I was just saying that the point was valid, but the proportions in which it was portayed, were not.
I won't argue that fixed bridges can in theory sound superior.
However, when people start to claim that tremolo's sound like shit by definition, that's something I won't accept.


----------



## JJ Rodriguez (Sep 24, 2008)

Scali said:


> I was just saying that the point was valid, but the proportions in which it was portayed, were not.
> I won't argue that fixed bridges can in theory sound superior.
> However, when people start to claim that tremolo's sound like shit by definition, that's something I won't accept.



What are you talking about? This guitar is OBVIOUSLY going to sound like shit:


----------



## sakeido (Sep 24, 2008)

Scali said:


> I was just saying that the point was valid, but the proportions in which it was portayed, were not.
> I won't argue that fixed bridges can in theory sound superior.
> However, when people start to claim that tremolo's sound like shit by definition, that's something I won't accept.



They'll always sound worse than the same guitar with a fixed bridge would  The KxK might sound better than other trem guitars, or a cheap fixed bridge guitar, but it would certainly not sound better than that same guitar would with a Hipshot 7 string hardtail. Even if you put a tremol-no on it, it still doesn't sound as good as a string-through-body bridge would.


----------



## JJ Rodriguez (Sep 24, 2008)

No one's arguing it's going to sound better, or worse for that matter, we're just saying it's different. I have hard tail guitars, and I have trem guitars, and I like the sound I get from both equally as well. It's just personal preference.


----------



## Scali (Sep 24, 2008)

sakeido said:


> They'll always sound worse than the same guitar with a fixed bridge would  The KxK might sound better than other trem guitars, or a cheap fixed bridge guitar, but it would certainly not sound better than that same guitar would with a Hipshot 7 string hardtail.
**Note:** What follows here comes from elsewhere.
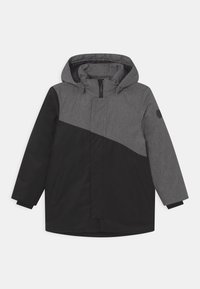Černá a šedá prošívaná bunda s kapucí, s diagonálním rozdělením, předním zipem a bočními kapsami. Hladká textura látky.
Even if you put a tremol-no on it, it still doesn't sound as good as a string-through-body bridge would.


 
I don't think anyone is arguing that fact.
The point is more that to a lot of people, the difference in sound isn't a big deal, and being able to use a tremolo is, so they still go for the tremolo version (in fact, especially with 7-strings, there seem to be more tremolo guitars available than fixed-bridge ones, so that's probably what most players demand).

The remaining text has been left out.